Inspector Thomas Mathew gave her a cup of police tea. When she was feeling a little better, he helped her to set down all she had told him in her First Information Report. He assured Baby Kochamma of the full cooperation of the Kottayam Police. The rascal would be caught before the day was out, he said. A Paravan with a pair of two-egg twins, hounded by history-he knew there weren’t many places for him to hide.
Inspector Thomas Mathew was a prudent man. He took one precaution. He sent a Jeep to fetch Comrade K. N. M. Pillai to the police station. It was crucial for him to know whether the Paravan had any political support or whether he was operating alone. Though he himself was a Congress man, he did not intend to risk any run-ins with the Marxist government. When Comrade Pillai arrived, he was ushered into the seat that Baby Kochamma had only recently vacated. Inspector Thomas Mathew showed him Baby Kochamma’s First Information Report. The two men had a conversation. Brief, cryptic, to the point. As though they had exchanged numbers and not words. No explanations seemed necessary. They were not friends, Comrade Pillai and Inspector Thomas Mathew, and they didn’t trust each other. But they understood each other perfectly. They were both men whom childhood had abandoned without a trace. Men without curiosity. Without doubt. Both in their own way truly, terrifyingly adult. They looked out at the world and never wondered how it worked, because they knew. They worked it. They were mechanics who serviced different parts of the same machine.
Comrade Pillai told Inspector Thomas Mathew that he was acquainted with Velutha, but oI~TIitted to mention that Velutha was a member of the Communist Party or that Velutha had knocked on his door late the previous night, which made Comrade Pillai the last person to have seen Velutha before he disappeared.
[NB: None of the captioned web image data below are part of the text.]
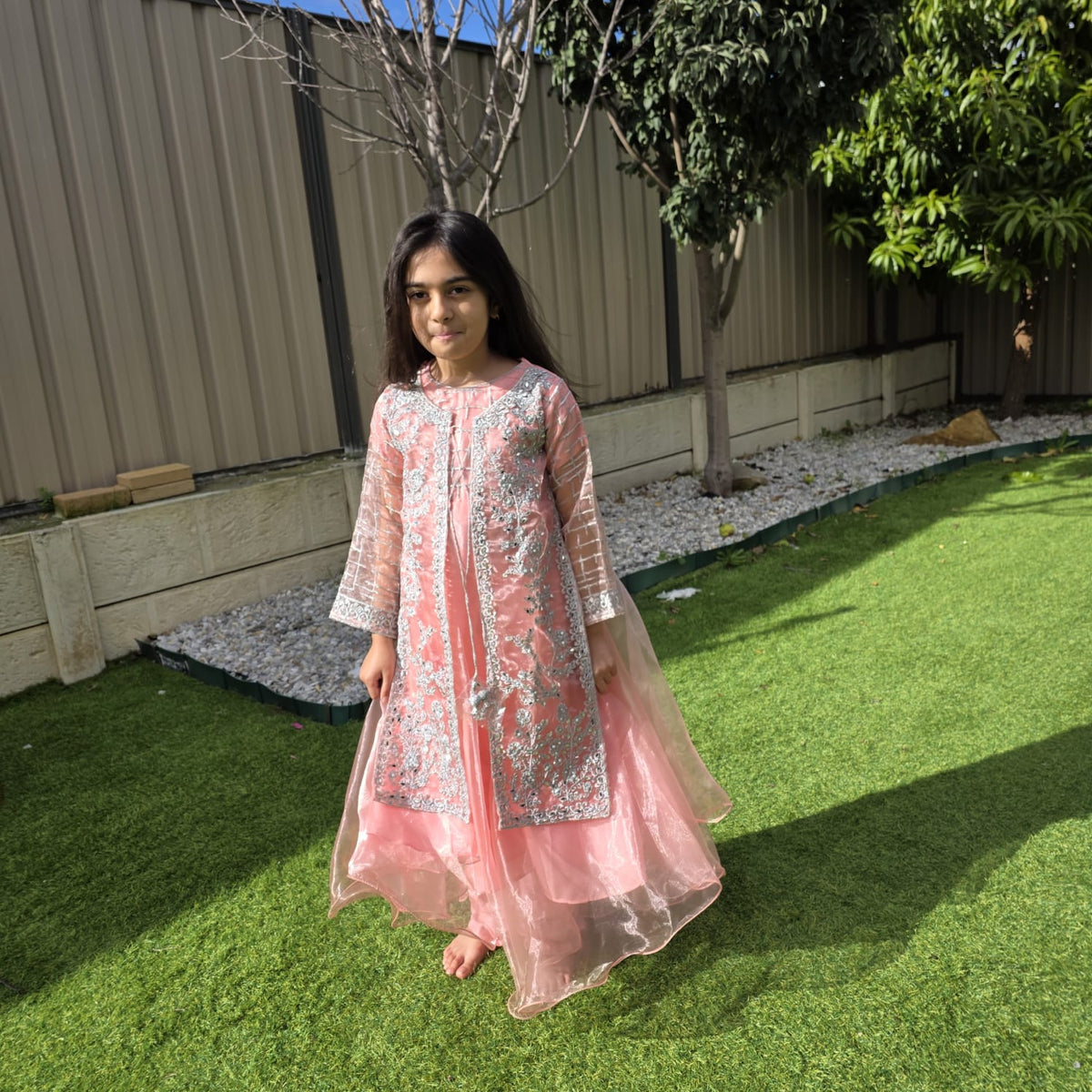 Elegant Kids Gown in Organza – Festive & Party Wear for Girls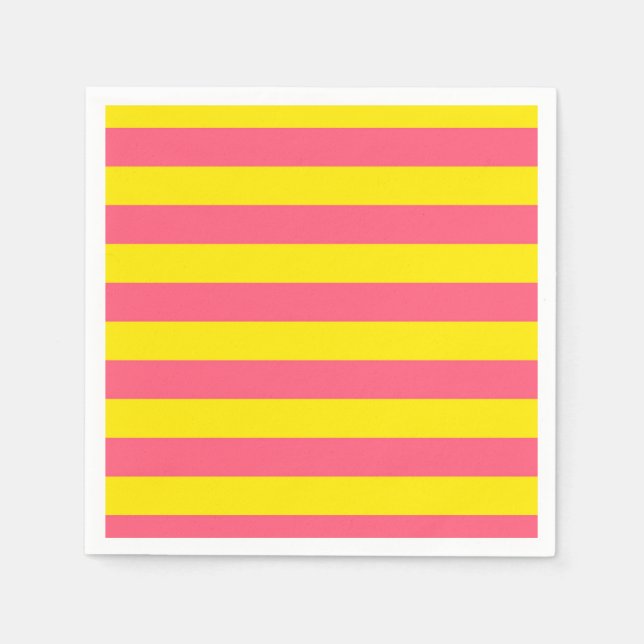 Serviette En Papier Conception des rayures rose et jaune (Devant)
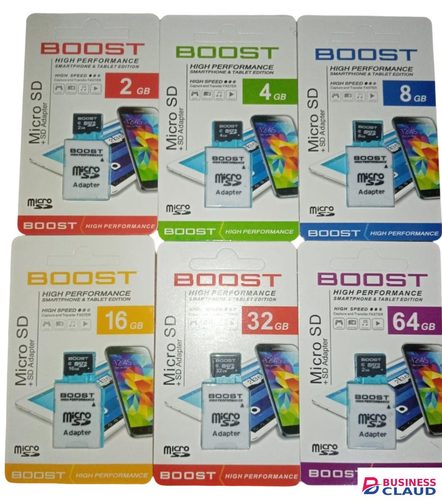 Boost High Performance Memory Cards/SD Card - 2GB, 4GB, 8GB, 16GB, 32GB, 64GB, 128GB Micro SD Cards with Adapter for Smartphones & Tablets and all types of gadgets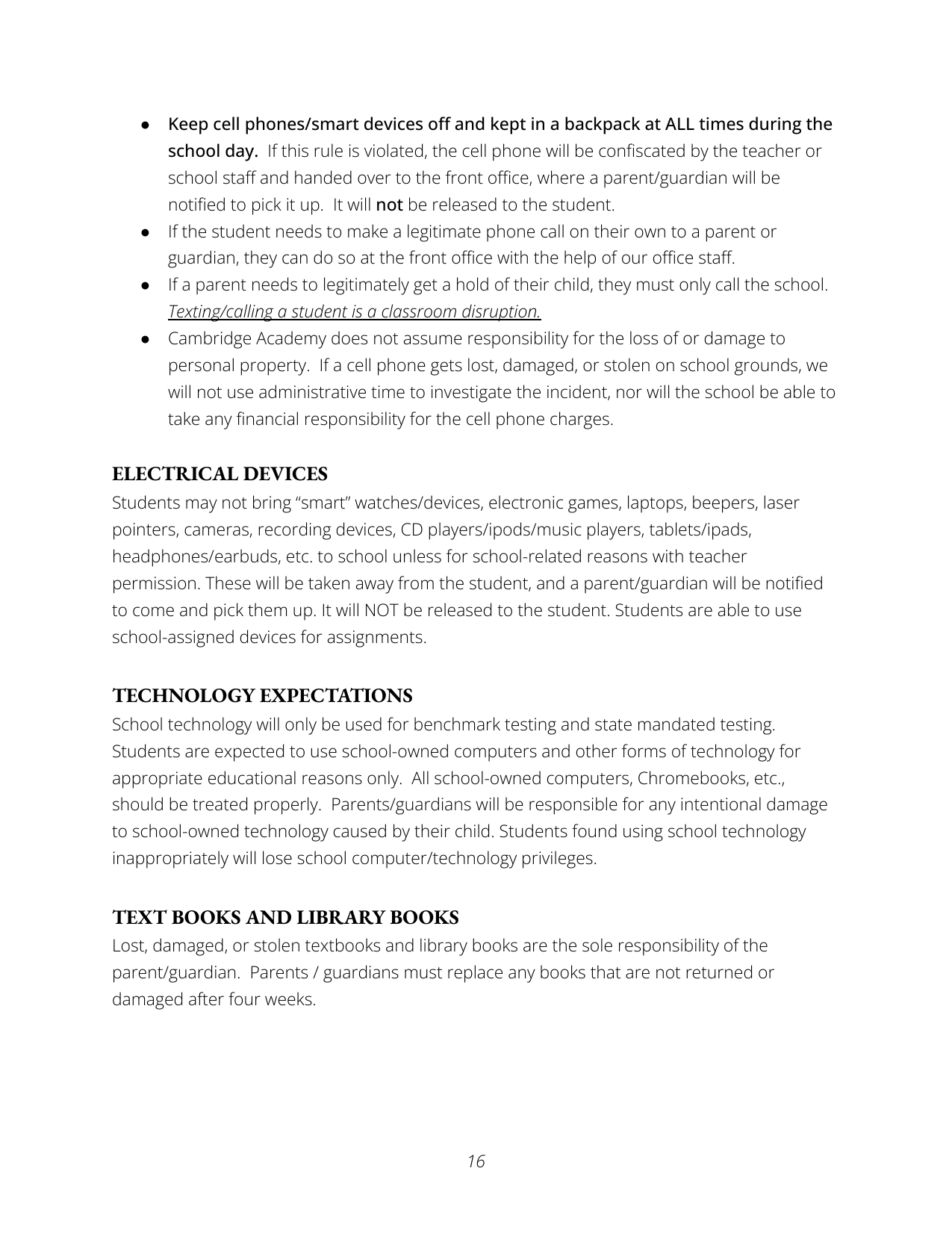 School policy document outlining rules about cell phone use, electronic devices, technology expectations, and responsibility for textbooks and library books.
Nor, though he knew it to be untrue, did Comrade Pillai refute the allegation of attempted rape in Baby Kochamma’s First Information Report He merely assured Inspector Thomas Mathew that as far as he was concerned Velutha did not have the patronage or the protection of the Communist Party. That he was on his own.
After Comrade Pillai left, Inspector Thomas Mathew went over their conversation in his mind, teasing it, testing its logic, looking for loopholes. When he was satisfied, he instructed his men.
Meanwhile, Baby Kochamma returned to Ayemenem. The Plymouth was parked in the driveway. Margaret Kochamma and Chacko were back from Cochin.
Sophie Mol was laid out on the chaise longue.
When Margaret Kochamma saw her little daughter’s body, shock swelled in her like phantom applause in an empty auditorium. It overflowed in a wave of vomit and left her mute and empty-eyed. She mourned two deaths, not one. With the loss of Sophie Mol, Joe died again. And this time there was no homework to finish or egg to eat. She had come to Ayemenem to heal her wounded world, and had lost all of it instead. She shattered like glass.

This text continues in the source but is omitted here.